# 15" LCD Monitor suggestions plz



## esumitkumar (Jul 13, 2007)

Hi 

I have 7 yrs old 14 " CRT monitor ..It went dead yesterday. Can anyone suggest which 15" LCD to buy ? I hav efew concerns :

1. Ppl say LCD bad for eyes ? is that true ? ( i work in office 8-10 hrs on a CRT and then at home i do some surfing + watching movie daily) 

2. We frnds usually watch movies on my PC..will LCD position and viewing angle will be a problem for movie watchers ? 

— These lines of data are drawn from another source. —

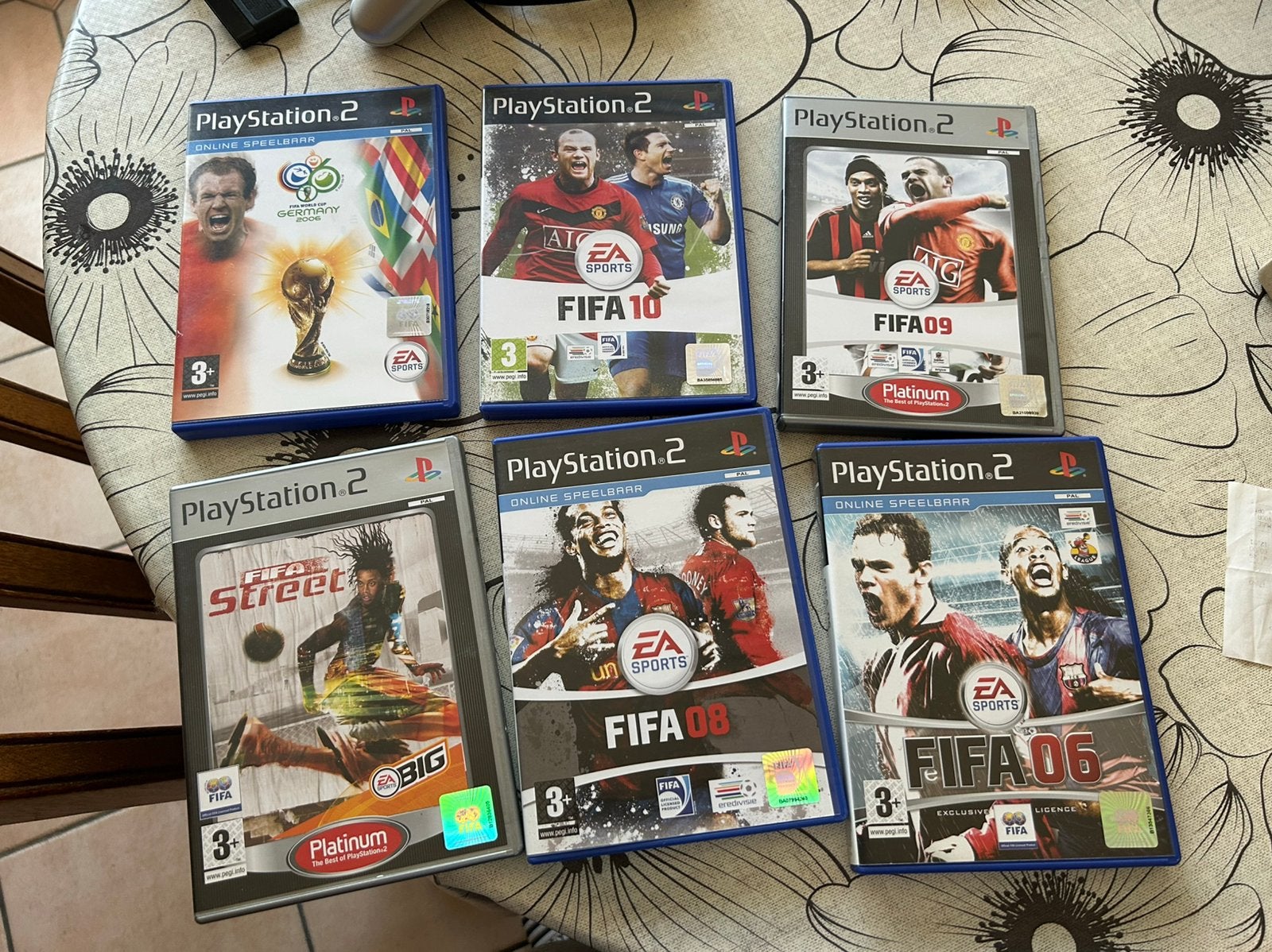 Diverse FIFA games Ps2 games, Ophalen, Zo goed als nieuw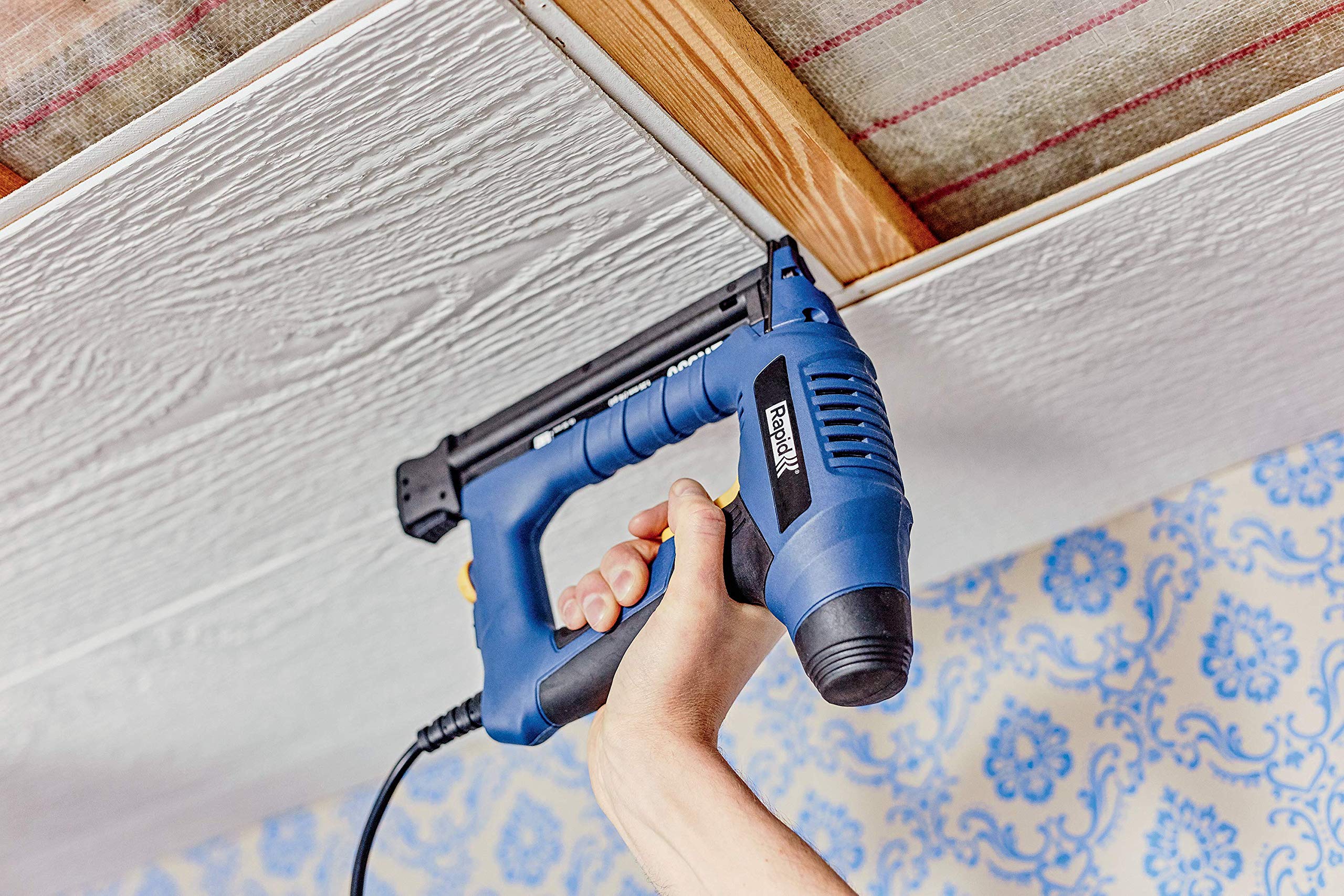 Rapid EN330 Grapadora Clavadora Eléctrica Instantánea para Madera, Marcos y Manualidades o Decoración para Clavos N.º 8 (5001386)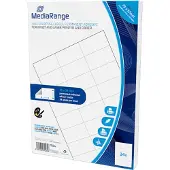 MediaRange Universal-Etiketten, stark haftend 1.200 Etiketten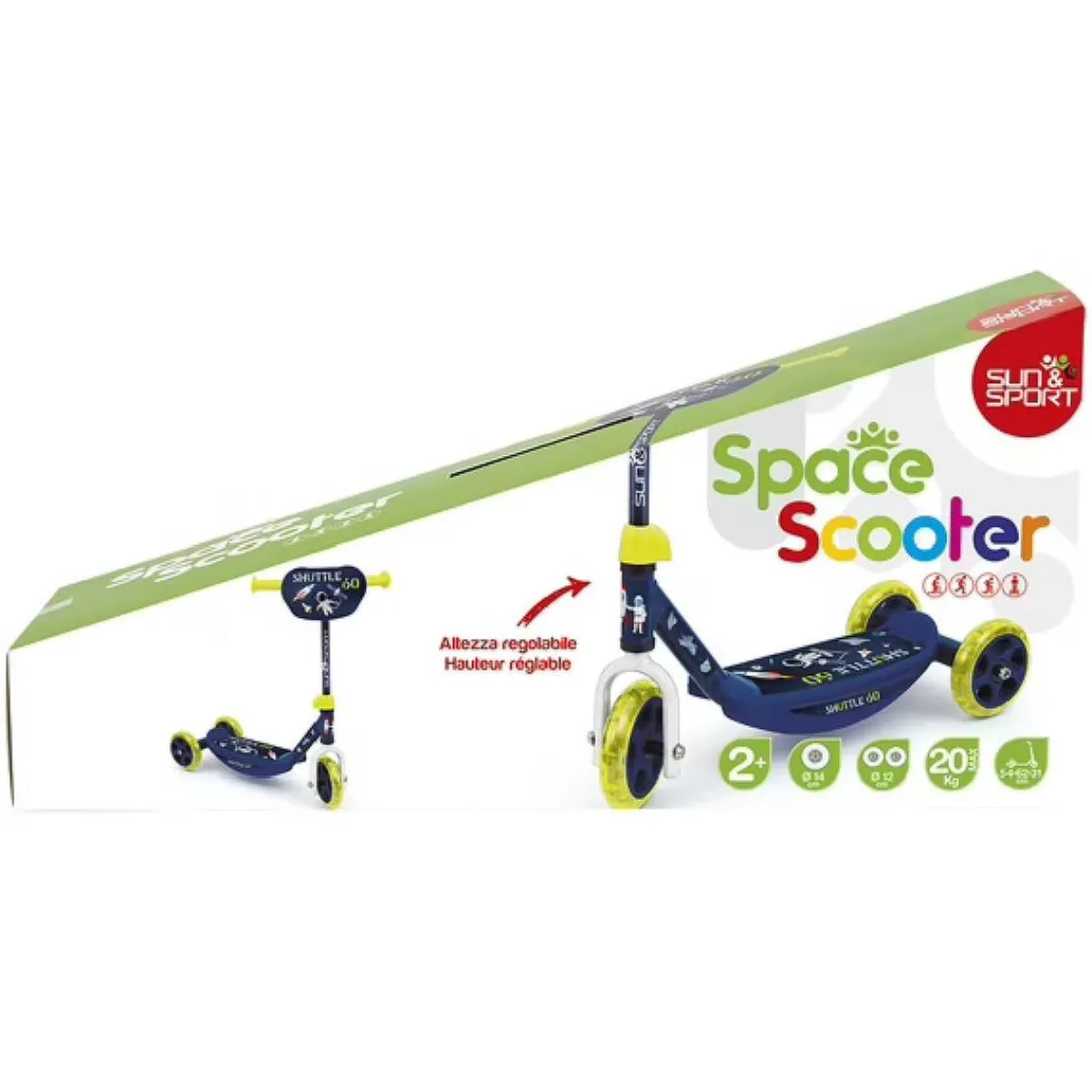 Online & Sport - Patinete espacial de 3 ruedas Motos Y Triciclos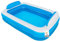Akitaink Piscina Gonfiabile Family 266x175x50 cm | Con Cuscini Incorporati, PVC Resistente, 2 Anelli, Azzurro Bianco, Per Bambini dai 3 Anni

3. Which brand is cheapest and best in LCD ?

Thanks 
Sumit


----------



## janitha (Jul 13, 2007)

1. Quite contrary.Your eyes will get a lot of relief after switching to LCD and there will be much less radiation.
2. The matter is not the same here. Those sitting at an angle will have a poorer viewing experience.
3. Vewsonic, which was very costly once have become cheap now. Get a 15" for about Rs.7400/-. But better still, get a 17" by paying another 700 rupees.


----------



## zyberboy (Jul 13, 2007)

esumitkumar said:
			
		

> 1. Ppl say LCD bad for eyes ? is that true ? ( i work in office 8-10 hrs on a CRT and then at home i do some surfing + watching movie daily)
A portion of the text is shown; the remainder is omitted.